This summer, one basketball-obsessed global visionary has an idea that could change the context of international basketball as we know it. On June 10, 2009, Sean Smith – a Canadian Sport Management professor at Brock University – will present Global Village Basketball 2009.
In hopes of engaging the world in a planet-wide game of pickup basketball this summer, Smith welcomes all walks of life to the grand-scale event determined to simultaneously combine the scores of individual basketball games played across the planet – resulting in one monumental aggregate result.
“The goal of Global Village Basketball is to get people to play,” said Smith, passionate about the ambitious movement. “We spend a lot of time watching sports on television and being fans, but at the same time we also forget the opportunity to play.”
For the sake of the event, anybody, regardless of age, location or ability, is encouraged to form their own game of pickup basketball on the specified date and then upload their results to a larger database.

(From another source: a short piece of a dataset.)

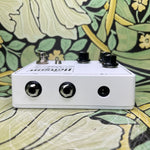 Benson Amps Germanium Fuzz Solar White - Used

“If you’re a 12-year-old sixth grader who scores a basket in this game, it’s the equivalent to if LeBron James scored a basket in this game,” said Smith, well aware of the social implications involved with uniting the masses through the power of sport. “If you are an old grandmother in this game, if you’re a divorced dad with three children in this game, if you’re black or white or Chinese in this game, everybody’s baskets are worth the same.”
In between playing basketball at the varsity level for two Canadian universities in the mid-1990s, Smith had his eyes opened to the rest of the world.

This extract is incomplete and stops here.